In particular, your "alien" definition of betweenness does not satisfy Theorem 5. For instance, let $a$ be any line, and let $A$ and $B$ be two points that are very close and on the same side of $a$ (by the usual definition). Then by the alien definition, $A$ and $B$ must be on opposite sides of $a$, since there is a point between $A$ and $B$ on $a$ (since if line $AB$ intersects $a$ at $C$, then $C$ will be the farthest away of $A, B,$ and $C$). But now if you take a third point $C$ which is also very near $A$ and $B$, then $C$ must similarly be on the opposite side of $a$ from both $A$ and $B$. This is impossible since there are only two sides of $a$.
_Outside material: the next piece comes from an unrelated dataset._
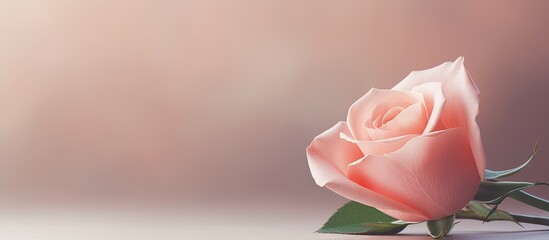 Aufkleber - A delicate pastel pink handcrafted rose captured in close up with a soft background and ample copy space for additional elements in the image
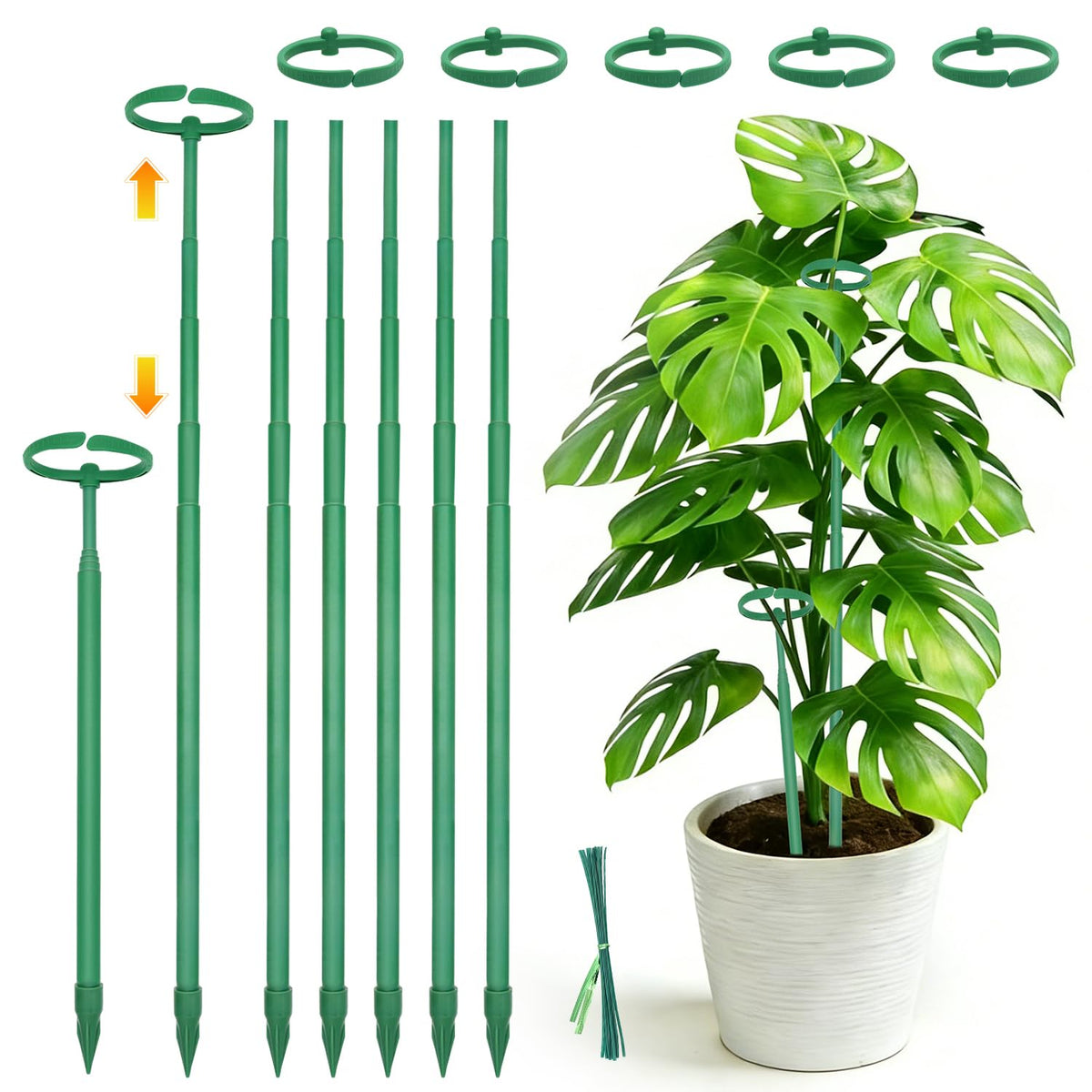 LECAMEBOR telescoping Monstera stake extends with your plant for upright growth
As a side comment, it's a feature, not a bug, that Hilbert's axioms describe the primitive notions rather than define them. You can think of the axioms as a set of rules that allow you to determine when a structure deserves the name "Euclidean geometry". You must provide the definition of your structure, and then the axioms tell you whether your definition really describes a model of Euclidean geometry or not. This approach is pervasive in modern mathematics: for instance, the axioms of a group don't tell you what the group elements or operation are; they just give conditions under which a set of elements equipped with an operation is called a "group".

Now, in the case of Hilbert's axioms, one can prove that up to isomorphism there is a unique structure which satisfies the axioms. So, up to isomorphism, there really is only way to define a structure which follows the axioms. But the "up to isomorphism" is crucial: the entire point of the axioms is that there are many different ways we could define what a "point" or "line" is or what "betweenness" means, and that geometry doesn't actually care exactly what definition we use. Geometry only cares about the structural relationships between all these primitive notions, which will be preserved by an isomorphism of models of the axioms.